Between Tropic Thunder and proving himself a real got damn American at UFC 120 last week, it’d be hard to build more good will than Robert Downey Jr.  Still, I can’t help but be disappointed that he’s producing (with an eye to star) an adaptation of Neil Strauss’s Emergency! This Book Will Save Your Life, which Allan Loeb is scripting.

After the last few years of violence and terror, of ethnic and religious hatred, of tsunamis and hurricanes–and now of world financial meltdown–Strauss, like most of his generation, came to the sobering realization that, even in America, anything can happen. But rather than watch helplessly, he decided to do something about it. And so he spent three years traveling through a country that’s lost its sense of safety, equipping himself with the tools necessary to save himself and his loved ones from an uncertain future. With the same quick wit and eye for cultural trends that marked The Game, The Dirt, and How to Make Love Like a Porn Star, Emergency traces Neil’s white-knuckled journey through today’s heart of darkness, as he sets out to move his life offshore, test his skills in the wild, and remake himself as a gun-toting, plane-flying, government-defying survivor. [official book description via /Film]

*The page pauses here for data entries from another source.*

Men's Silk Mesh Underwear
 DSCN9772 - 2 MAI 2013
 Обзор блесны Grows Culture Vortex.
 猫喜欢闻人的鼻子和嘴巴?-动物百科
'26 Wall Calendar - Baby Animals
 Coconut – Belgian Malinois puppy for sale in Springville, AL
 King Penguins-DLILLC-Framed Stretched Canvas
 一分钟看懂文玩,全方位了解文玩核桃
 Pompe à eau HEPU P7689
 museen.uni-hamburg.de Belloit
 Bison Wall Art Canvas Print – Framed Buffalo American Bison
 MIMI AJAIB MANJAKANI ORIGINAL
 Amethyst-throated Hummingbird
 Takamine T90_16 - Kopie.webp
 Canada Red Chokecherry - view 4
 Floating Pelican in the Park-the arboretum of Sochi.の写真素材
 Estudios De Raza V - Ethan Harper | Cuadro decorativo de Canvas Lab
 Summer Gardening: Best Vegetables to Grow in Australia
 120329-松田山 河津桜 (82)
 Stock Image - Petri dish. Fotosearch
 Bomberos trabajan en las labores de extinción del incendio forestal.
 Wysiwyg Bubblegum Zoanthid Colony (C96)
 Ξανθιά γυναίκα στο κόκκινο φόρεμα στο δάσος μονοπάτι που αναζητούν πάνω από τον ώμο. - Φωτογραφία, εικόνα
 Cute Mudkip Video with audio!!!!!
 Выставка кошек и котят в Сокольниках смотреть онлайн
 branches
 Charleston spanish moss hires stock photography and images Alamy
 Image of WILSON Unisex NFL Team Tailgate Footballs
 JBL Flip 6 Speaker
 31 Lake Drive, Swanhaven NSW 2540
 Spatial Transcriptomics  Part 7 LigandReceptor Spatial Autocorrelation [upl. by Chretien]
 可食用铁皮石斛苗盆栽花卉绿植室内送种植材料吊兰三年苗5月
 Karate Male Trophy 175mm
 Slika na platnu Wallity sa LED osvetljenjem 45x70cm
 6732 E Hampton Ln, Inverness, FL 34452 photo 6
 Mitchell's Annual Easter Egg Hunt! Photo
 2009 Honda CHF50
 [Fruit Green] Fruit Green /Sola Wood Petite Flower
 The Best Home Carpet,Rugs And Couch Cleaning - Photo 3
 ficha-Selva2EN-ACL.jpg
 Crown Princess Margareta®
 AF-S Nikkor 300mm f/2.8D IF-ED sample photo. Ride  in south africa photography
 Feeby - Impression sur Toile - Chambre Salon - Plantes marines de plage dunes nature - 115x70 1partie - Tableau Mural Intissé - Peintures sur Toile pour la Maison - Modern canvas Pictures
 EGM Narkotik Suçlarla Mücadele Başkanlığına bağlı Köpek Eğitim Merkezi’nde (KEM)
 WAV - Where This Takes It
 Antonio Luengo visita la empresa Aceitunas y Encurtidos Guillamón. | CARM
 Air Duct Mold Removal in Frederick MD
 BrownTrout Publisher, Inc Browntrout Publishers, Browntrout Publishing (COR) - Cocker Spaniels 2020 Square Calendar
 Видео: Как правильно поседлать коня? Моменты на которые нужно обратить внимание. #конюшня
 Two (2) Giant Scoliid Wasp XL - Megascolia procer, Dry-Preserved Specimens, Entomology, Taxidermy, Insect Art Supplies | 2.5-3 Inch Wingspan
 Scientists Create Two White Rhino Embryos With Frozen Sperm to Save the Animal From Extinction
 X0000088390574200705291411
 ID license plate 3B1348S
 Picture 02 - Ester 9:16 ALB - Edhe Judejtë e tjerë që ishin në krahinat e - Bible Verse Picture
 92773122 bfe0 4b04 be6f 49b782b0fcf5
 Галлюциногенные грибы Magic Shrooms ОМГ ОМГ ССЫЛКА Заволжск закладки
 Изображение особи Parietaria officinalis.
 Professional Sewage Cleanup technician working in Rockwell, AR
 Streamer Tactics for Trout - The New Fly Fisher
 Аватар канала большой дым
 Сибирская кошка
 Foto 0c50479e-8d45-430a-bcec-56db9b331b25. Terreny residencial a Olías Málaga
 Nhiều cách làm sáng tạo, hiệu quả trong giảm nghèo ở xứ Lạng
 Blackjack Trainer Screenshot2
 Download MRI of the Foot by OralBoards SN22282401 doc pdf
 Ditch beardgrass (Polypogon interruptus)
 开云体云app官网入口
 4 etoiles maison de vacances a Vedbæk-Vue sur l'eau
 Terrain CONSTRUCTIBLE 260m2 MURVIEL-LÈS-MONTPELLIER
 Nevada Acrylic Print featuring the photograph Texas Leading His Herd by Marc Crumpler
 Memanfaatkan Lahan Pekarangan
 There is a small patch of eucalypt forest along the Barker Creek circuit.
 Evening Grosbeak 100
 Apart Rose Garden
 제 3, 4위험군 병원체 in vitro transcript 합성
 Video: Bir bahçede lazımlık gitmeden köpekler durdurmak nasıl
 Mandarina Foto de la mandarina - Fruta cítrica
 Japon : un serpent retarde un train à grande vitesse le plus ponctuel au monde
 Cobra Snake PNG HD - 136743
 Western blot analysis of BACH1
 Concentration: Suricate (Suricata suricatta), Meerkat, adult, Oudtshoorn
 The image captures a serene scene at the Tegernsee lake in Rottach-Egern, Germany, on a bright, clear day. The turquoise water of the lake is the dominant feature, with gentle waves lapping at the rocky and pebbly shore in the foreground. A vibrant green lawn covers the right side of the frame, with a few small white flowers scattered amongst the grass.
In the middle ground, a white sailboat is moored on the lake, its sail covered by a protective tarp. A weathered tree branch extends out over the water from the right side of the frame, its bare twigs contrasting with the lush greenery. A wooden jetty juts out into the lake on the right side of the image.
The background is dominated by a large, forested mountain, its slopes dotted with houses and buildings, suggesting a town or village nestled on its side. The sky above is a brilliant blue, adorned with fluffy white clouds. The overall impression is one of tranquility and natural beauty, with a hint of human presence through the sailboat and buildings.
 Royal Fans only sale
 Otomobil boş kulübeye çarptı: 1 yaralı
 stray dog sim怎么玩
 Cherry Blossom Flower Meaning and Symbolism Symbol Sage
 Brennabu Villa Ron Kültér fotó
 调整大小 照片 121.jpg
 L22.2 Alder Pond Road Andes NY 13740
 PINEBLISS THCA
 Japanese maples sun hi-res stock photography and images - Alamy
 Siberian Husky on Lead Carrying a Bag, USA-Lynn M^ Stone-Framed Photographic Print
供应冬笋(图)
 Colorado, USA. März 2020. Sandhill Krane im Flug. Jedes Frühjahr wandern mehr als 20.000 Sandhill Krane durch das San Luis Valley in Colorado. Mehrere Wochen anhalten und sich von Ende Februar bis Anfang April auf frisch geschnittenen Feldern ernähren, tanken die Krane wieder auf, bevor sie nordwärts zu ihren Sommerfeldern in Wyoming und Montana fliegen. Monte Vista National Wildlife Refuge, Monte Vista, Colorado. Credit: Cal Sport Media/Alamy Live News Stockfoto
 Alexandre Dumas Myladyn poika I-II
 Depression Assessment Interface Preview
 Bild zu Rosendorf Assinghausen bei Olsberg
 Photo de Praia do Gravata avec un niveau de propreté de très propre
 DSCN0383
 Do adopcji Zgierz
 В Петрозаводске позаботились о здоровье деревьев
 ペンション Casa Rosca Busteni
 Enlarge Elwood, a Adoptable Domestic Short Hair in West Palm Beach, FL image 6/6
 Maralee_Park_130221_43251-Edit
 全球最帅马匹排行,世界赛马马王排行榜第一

So the dude version of Eat, Pray, Love, basically.  Hey, how about an adaptation of The Dirt instead?  That’s like the best book ever.  Who wouldn’t want to see Nikki Sixx de-groupie-smell his wiener by sticking it in a breakfast burrito?  Anyway, around the time I did the 10 worst lines from Wall Street 2 post, I got ahold of Allan Loeb’s script, only to find that a good eight of the 10 worst lines weren’t even in it.  So maybe it was whatever coked-up chimps Oliver Stone got to work on it after Loeb who were really to blame.  But with a resume that includes 21, Wall Street 2, The Switch, The Dilemma, an upcoming Adam Sandler comedy, Kevin James’ MMA-saves-the-rec-center project, and now this, until proven otherwise, I have to assume Allan Loeb is a human version of Awesom-o.  And yet he can’t go a week without getting a new job.  Do people in Hollywood actually watch movies?  I have to assume they don’t.